+++ Data provided

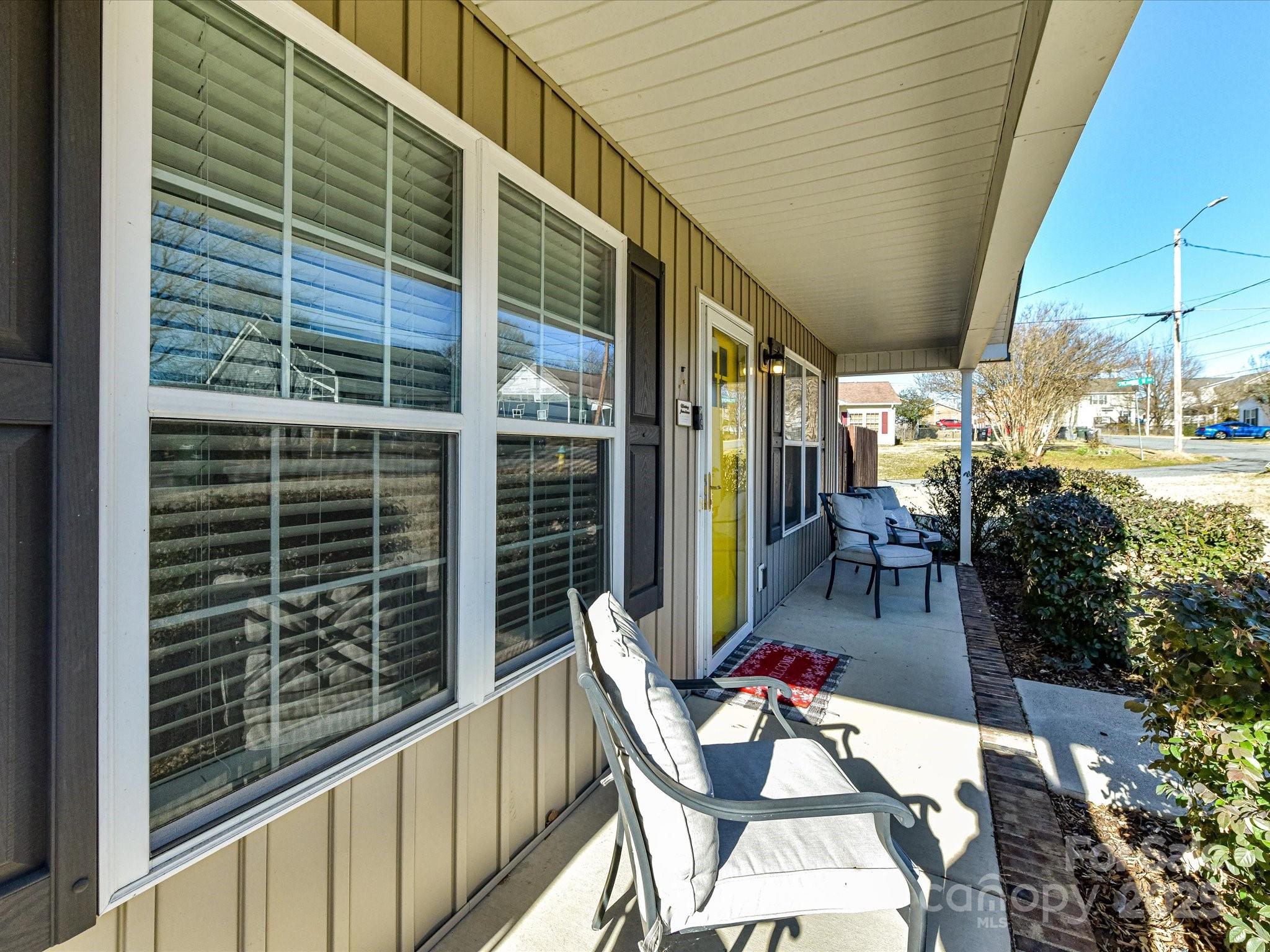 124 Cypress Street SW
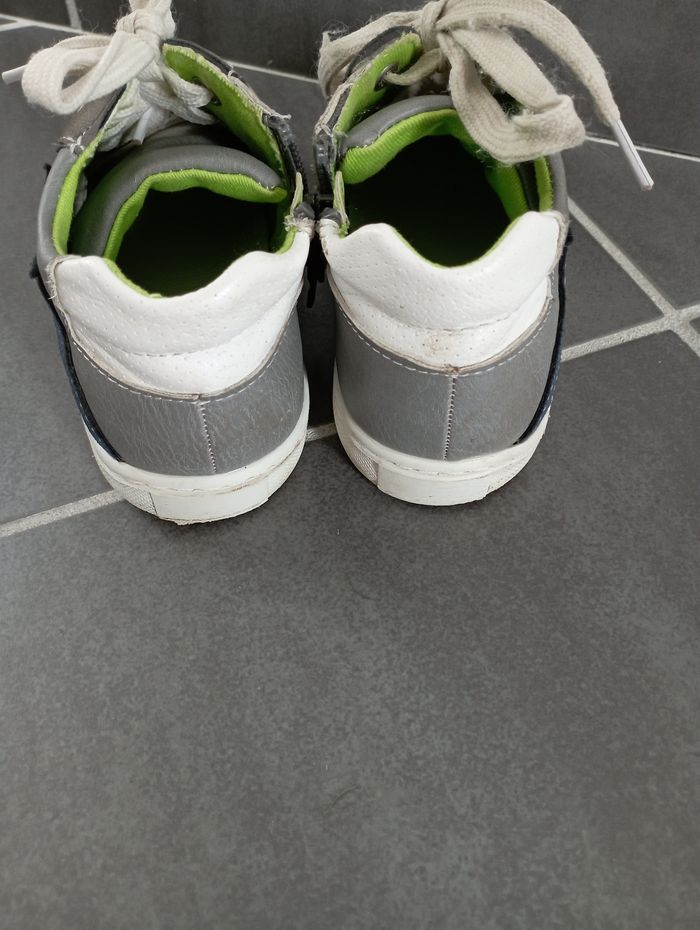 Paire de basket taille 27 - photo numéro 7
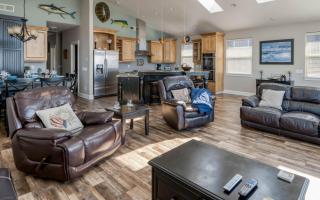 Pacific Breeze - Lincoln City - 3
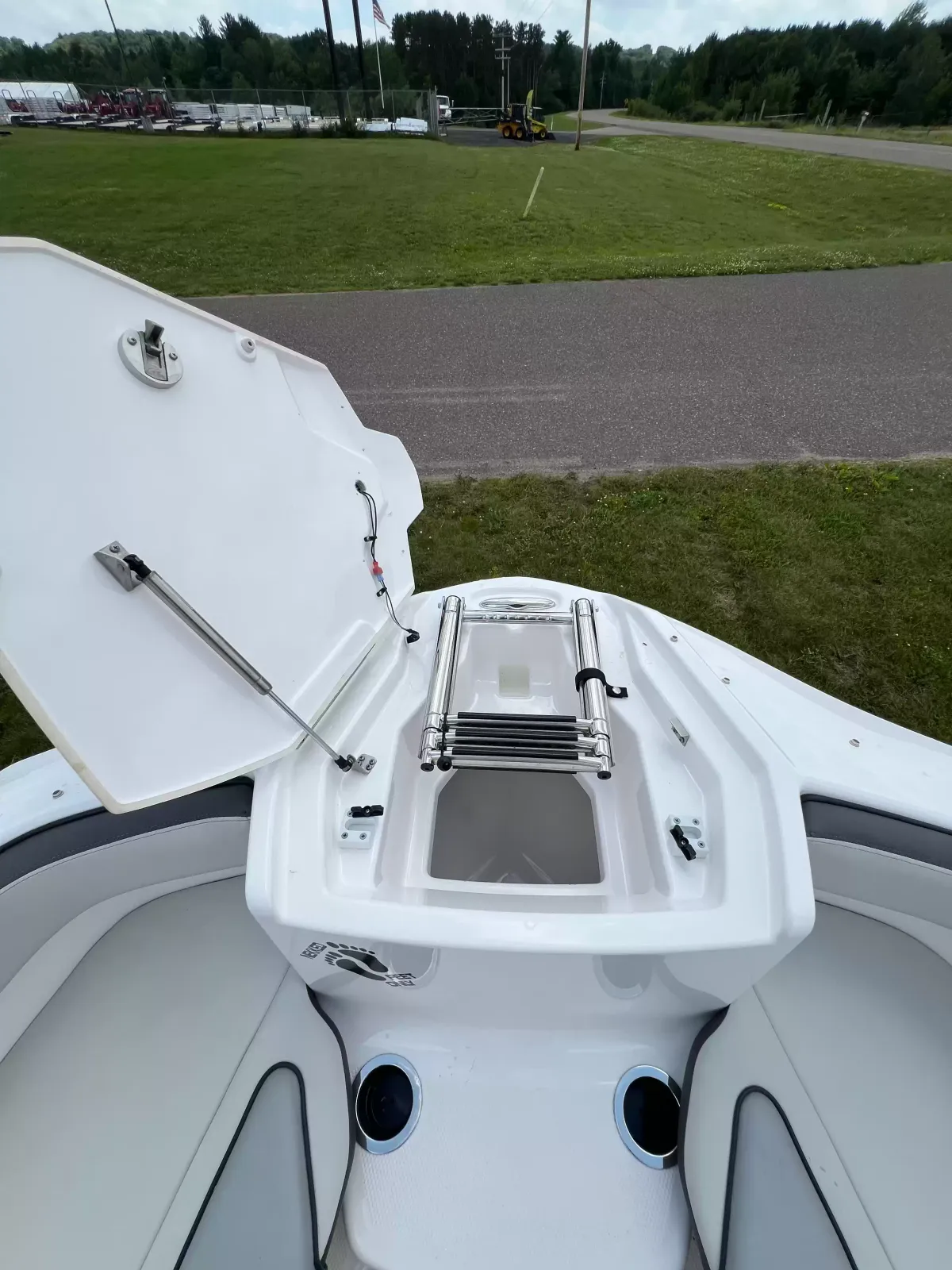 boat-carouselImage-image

++++++

Goal of the exercise: The result should be the full listing, retyped exactly and free of pictures.

The answer:
 124 Cypress Street SW
 Paire de basket taille 27 - photo numéro 7
 Pacific Breeze - Lincoln City - 3
 boat-carouselImage-image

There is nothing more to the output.